Man ist in dieser Zeit nicht alleine – neben den radikalen Entwicklungen in Musik und bildender Kunst bilden sich in Österreich auch zahlreiche andere Architektengruppen wie Haus-Rucker-Co oder Zünd-Up. Alle haben sie gemeinsam, dass sehr oft in Grenzbereichen zwischen Architektur und Aktionskunst arbeiten.

Coop Himmelb(l)au waren zu Beginn vor allem inspiriert von den musikalischen Neuerungen ihrer Zeit. Die Kraft der Gitarren von Hendrix, Richards oder Clapton in Architektur zu übersetzen war das Ziel, schließlich wollte man damals selbst zu den “Rolling Stones der Architektur” (Prix) werden.

Pneumatische Lebensutopien

In ihren ersten Projekten überprüften sie Signalübertragung, Musik und aktuelle Technologien im Hinblick auf ihre raumbildenden Qualitäten und um mögliche bewusstseinserweiternde Wirkungen der Architektur sowie unbekannte Raumwahrnehmungen zu erforschen. Frühe Projekte tragen Namen wie “Die Wolke”, “Unruhige Kugel” oder “Soul Flipper”. Dies waren häufig pneumatischen Konstruktionen wie Anzüge, Helme oder aufblasbare Häuser – allesamt Projekte die als Wohn- und Lebensutopien für eine neue Zeit gelesen werden konnte. In den Entwürfen spiegelt sich das Streben nach einer leichten Architektur wieder, die losgelöst von allen Traditionen funktionieren sollte. Die Gruppe wollte sich aus der “Zwangsjacke des Funktionalismus” (Prix), der zu Beginn der 2ten Hälfte des zwanzigsten Jahrhunderts die Bauwelt dominierte, befreien.
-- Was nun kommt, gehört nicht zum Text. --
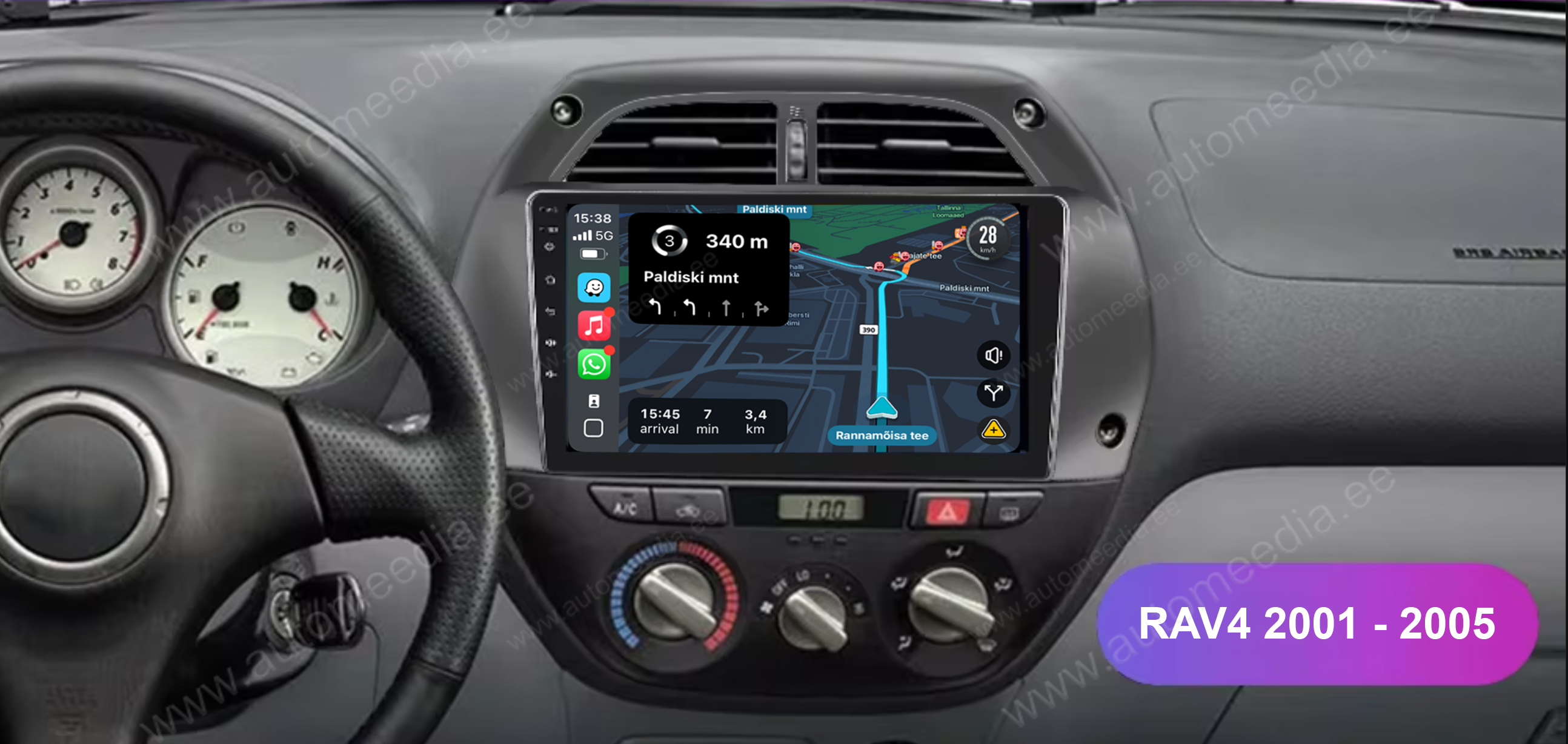 Automedia 9123 Mudelikohane android multimeediakeskus gps naviraadio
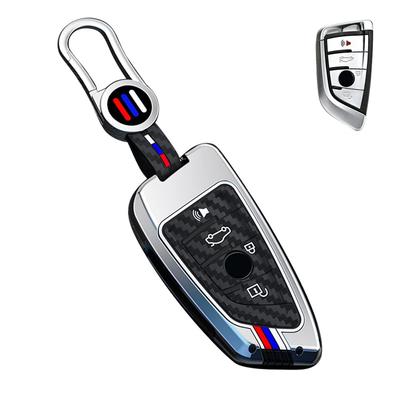 Schlüsseletui für BMW, Smart Key Etui, Schlüsselabdeckung, Zinklegierung, Silikon, Speziell Entwickelt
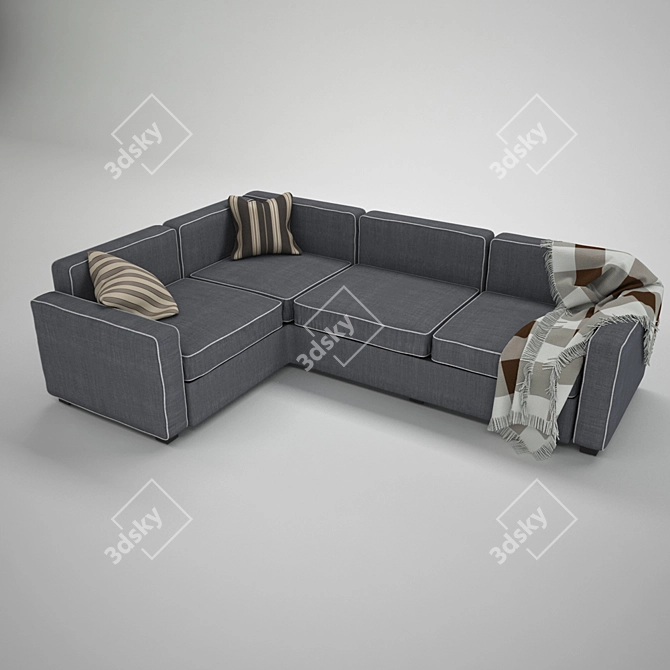 Ultimate Comfort Sofa 3D model image 1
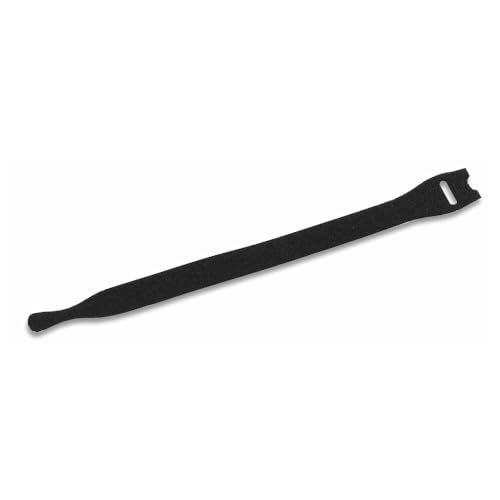 WETEC Klettkabelbinder mit Befestigungsschlaufe, 13 x 200 mm, schwarz (Befestigungsbinder Kabelband Kabelbinder Montageband Montagebinder Straps Strapse Klettband Klettbinder) (Pack à 25 Stück) von Wetec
So schreiben sie 1980 in einem ihrer zahlreichen Kurzmanifeste: “(…) Architektur muss schluchtig, feurig, glatt, hart, eckig, brutal, rund, zärtlich, farbig, obszön, geil, träumend, vernähend, verlernend, nass, trocken und herzschlagend sein. (…) Architektur muss brennen.” Damit dies gelingt sucht Coop Himmelb(l)au Anregung in allen Bereichen des Lebens und nutzt beispielsweise im Projekt “harter Raum” den menschlichen Herzrhythmus als Trigger um 60 Sprengladungen zur Detonation zu bringen.

Post-Konzept-Phase

Im ersten Jahrzehnt des Bestehens von Coop Himmelb(l)au kommen Entwürfe selten über ein konzeptuelles Stadion hinaus, erst zu Beginn der 80er Jahre wird tatsächlich gebaut. Planungen der Weinbar “Roter Engel” oder des Dachausbaus in der Falkestraße, beide in Wien, verhelfen Coop Himmelb(l)au zu einem höheren Bekanntheitsgrad.

In diesen ersten verwirklichten Projekten lassen sich die gestalterischen Grundsätze, die bis heute verfolgt werden, sehr gut ablesen. Die Architektur ist geprägt von wild wirkenden Linien und Überlagerungen. Komplexe Grundrisse sowie eine ausgeprägte vertikale Entwicklung der Gebäude sorgen für spannende Innenräume und abwechslungsreiche Perspektiven. Statische Architektur wird zugunsten einer erlebbaren Dynamik verdrängt. Der Entwurf der Projekte anhand einer schnellen, alles sagenden Skizze, die anschließend in Modelle, Pläne und zuletzt in ein gebautes Projekt übersetzen wird, ist in diesen frühen Bauten stark zu erkennen.

Neben Dekonstruktivismus

Der internationale Durchbruch gelang dem Büro im Jahr 1988 mit dem Bau einer Industriehalle in Kärnten und mit der Einladung zur Ausstellung “Deconstructivist Architecture” im Museum of Modern Art, New York. Die Arbeiten von Coop Himmelb(l)au wurden hier neben Projekten der Büros von Frank Gehry, Rem Koolhaas, Zaha Hadid und anderen ausgestellt – allesamt Namen, die in den folgenden Jahren in den Olymp der “Starchitects” aufsteigen. Die Wiener Gruppe distanzierte sich zwar immer von der Zugehörigkeit zu den “Dekonstruktivisten”, jedoch ist eine gewisse formale und theoretische Verwandtschaft zu den anderen Akteuren dieser Strömung nicht abzustreiten. Das grundlegende Prinzip des Verbiegens, Auflösens, Brechens und neu Interpretierens klassischer Elemente der Architektur zugunsten eines “aufregenden” Raumerlebnisses haben sie alle gemein.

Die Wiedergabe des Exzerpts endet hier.